Please retype the records below exactly as they appear, leaving out every picture.

DATA FOR PROCESSING Start Marker

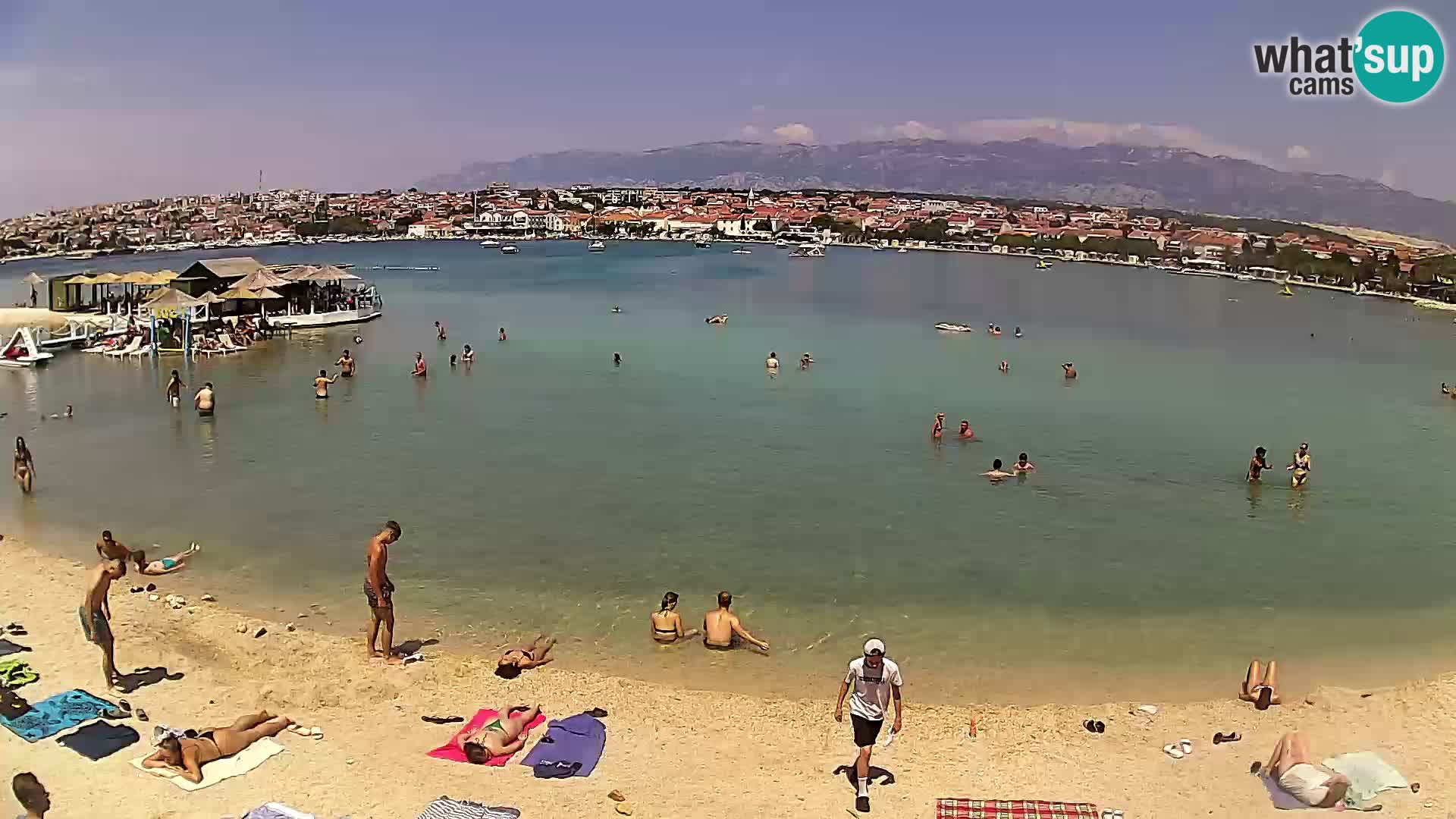 Novalja en vivo – playa de la ciudad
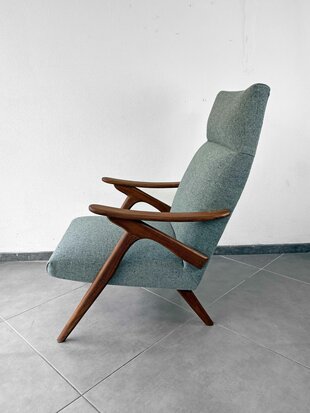NIEUW Vintage jaren 60 fauteuil opnieuw gestoffeerd
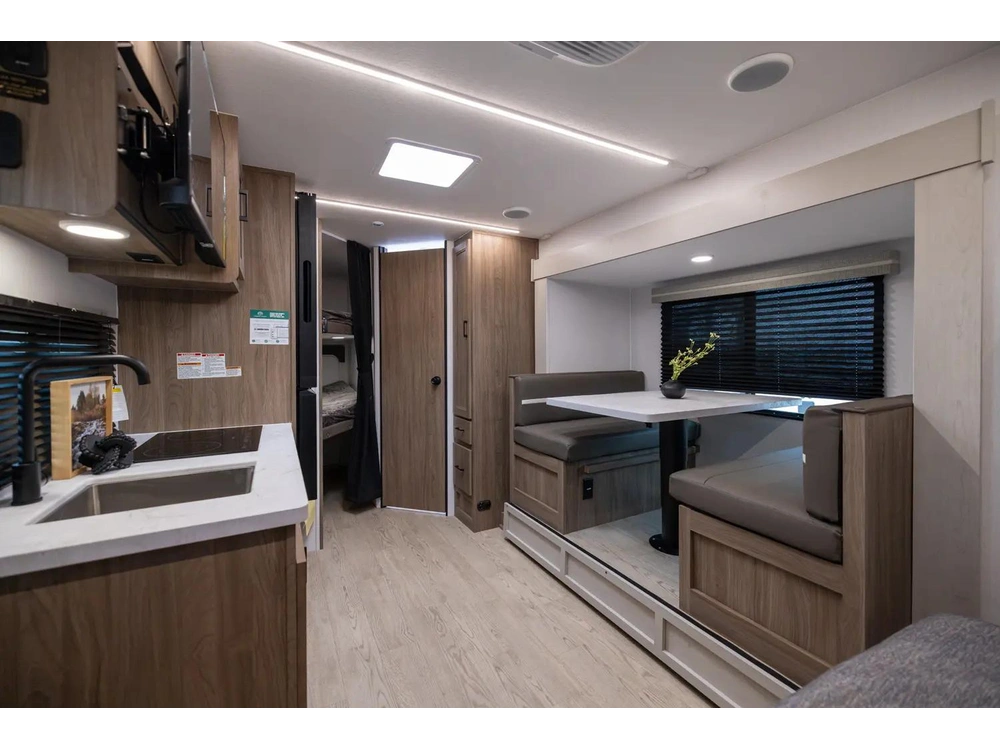 Coachmen Freedom Express 21se 2026 alt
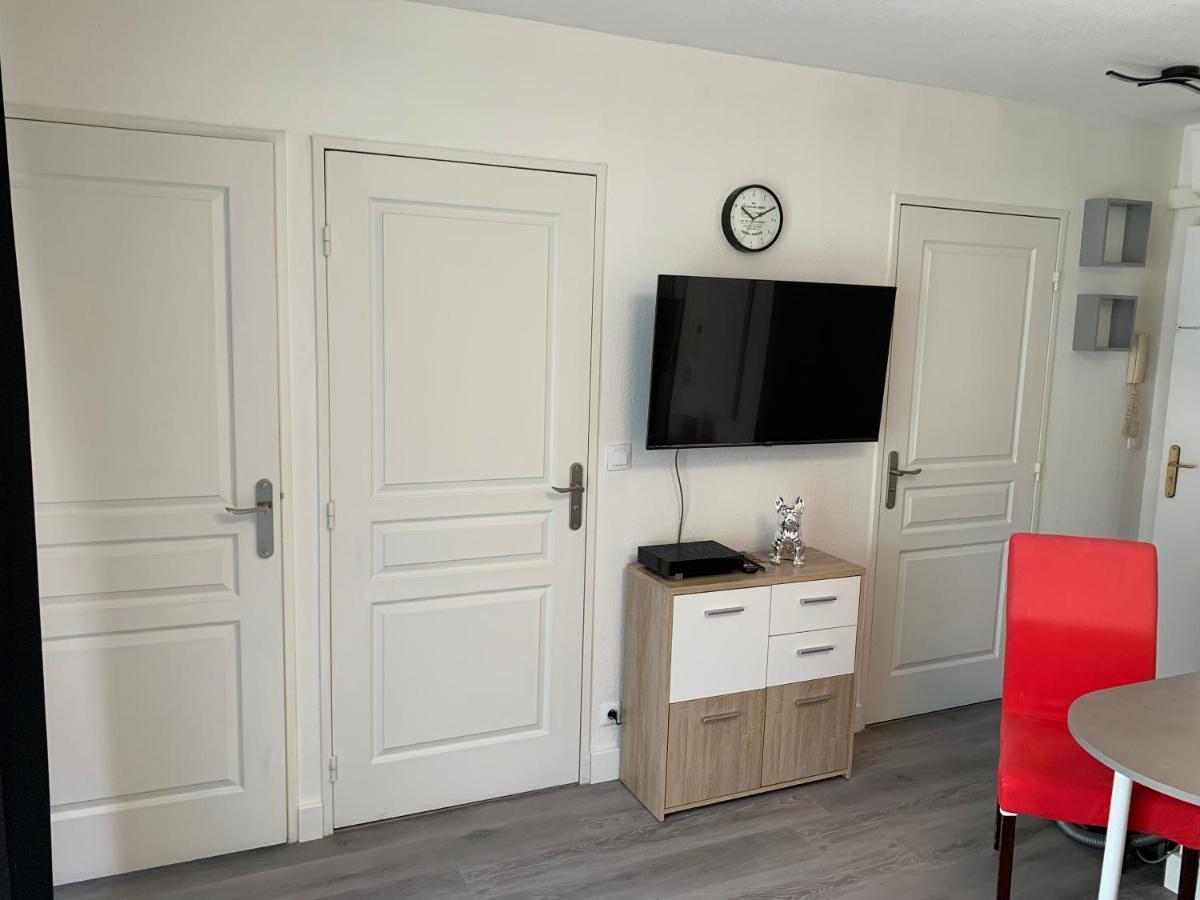 Charmant F1 Centre Mandelieu Avec Piscine Apartment Bagian luar foto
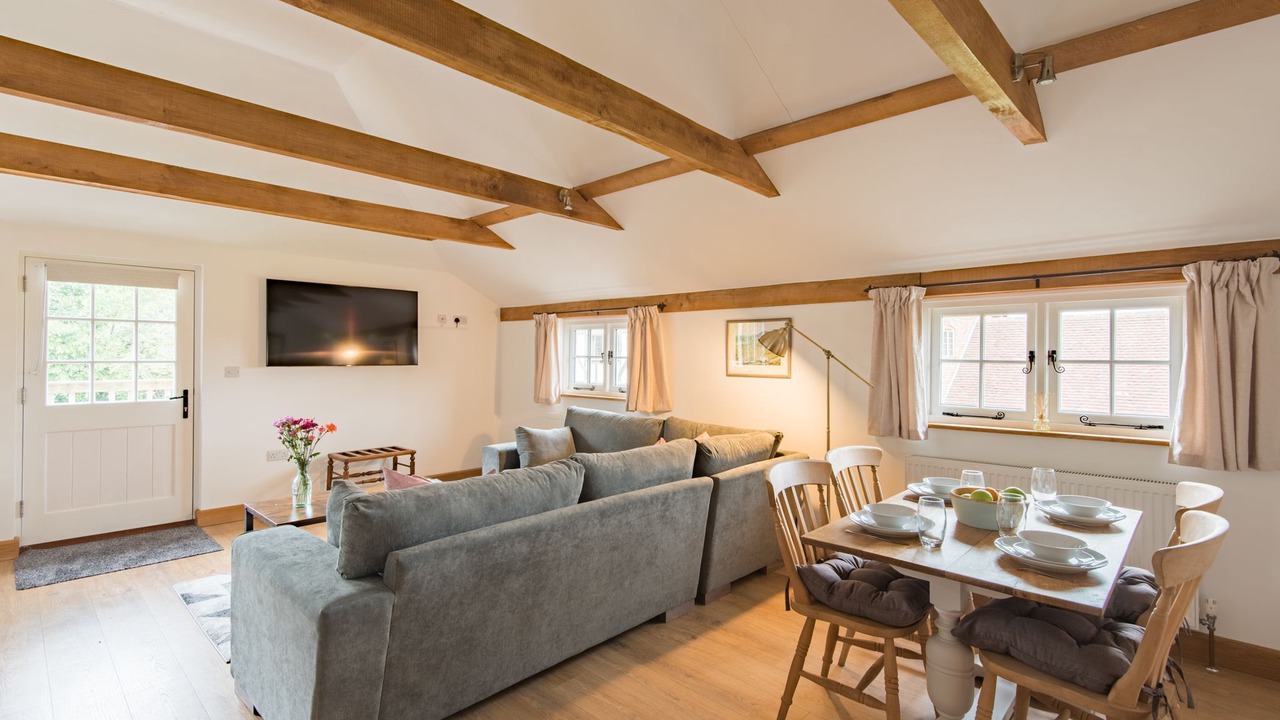Photo of Livingroom in Ewhurst Green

DATA FOR PROCESSING End Marker

### RESULT OF THE EXERCISE
 Novalja en vivo – playa de la ciudad
NIEUW Vintage jaren 60 fauteuil opnieuw gestoffeerd
 Coachmen Freedom Express 21se 2026 alt
 Charmant F1 Centre Mandelieu Avec Piscine Apartment Bagian luar foto
Photo of Livingroom in Ewhurst Green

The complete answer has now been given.